Since a minimalist camera uses a very small number of measurements (freeform pixels), it preserves privacy and can be fully powered using just the light falling on it.
Next, I will present an “irradiance camera,” which, for any environmental illumination, measures the irradiance incident on every point on a sphere. We show that this irradiance function can be accurately estimated using just 49 detectors.
Since the number of measurements are small, we show that the camera can produce video of the irradiance function while being entirely self-powered.
We conclude with our plans to use the camera to compute egomotion, solve lightweight vision tasks, and estimate sky and weather conditions.
日時: 4月8日(水) 13:15-14:45(Joint Talk 2/2)
場所:総合研究7号館 情報3講義室(1階 104)
Our ability as humans to recognize materials is critical to every action we take.
Using vision alone, we can infer whether an object will be heavy or light, rough or smooth, and even rigid or soft -- each of which determines how we interact with the object.
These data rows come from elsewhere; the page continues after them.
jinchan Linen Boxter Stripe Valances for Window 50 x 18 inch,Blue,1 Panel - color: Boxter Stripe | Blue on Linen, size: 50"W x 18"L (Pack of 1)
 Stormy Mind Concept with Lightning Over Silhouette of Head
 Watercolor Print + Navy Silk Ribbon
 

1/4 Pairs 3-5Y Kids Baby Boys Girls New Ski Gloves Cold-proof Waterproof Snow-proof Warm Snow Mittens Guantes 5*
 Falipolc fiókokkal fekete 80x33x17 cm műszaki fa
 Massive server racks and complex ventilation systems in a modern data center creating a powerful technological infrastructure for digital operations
I will present an approach to material recognition that leverages a taxonomy of materials, which is arranged by shared mechanical properties.
Our recognition model explicitly wires hierarchical relationships between materials to achieve higher performance.
Due to the hierarchical nature of our approach, we can recognize materials and their properties at different levels of specificity depending on the context and confidence.
While appearance conveys class-level properties of a material, touch can reveal instance-level properties. In the second part of my talk, I will present how we enable tactile robotic systems to perceive materials in real time. We show that, through simple tactile signals, we can recover the mechanical properties of an object while grasping it and adjust the force we are using to grasp it.
This allows us to use the minimum force required to grasp and lift the object, thereby mitigating the risk of damage. We conclude by showing how our approach can be used to differentiate and sort objects, for example, arranging avocados by their level of ripeness.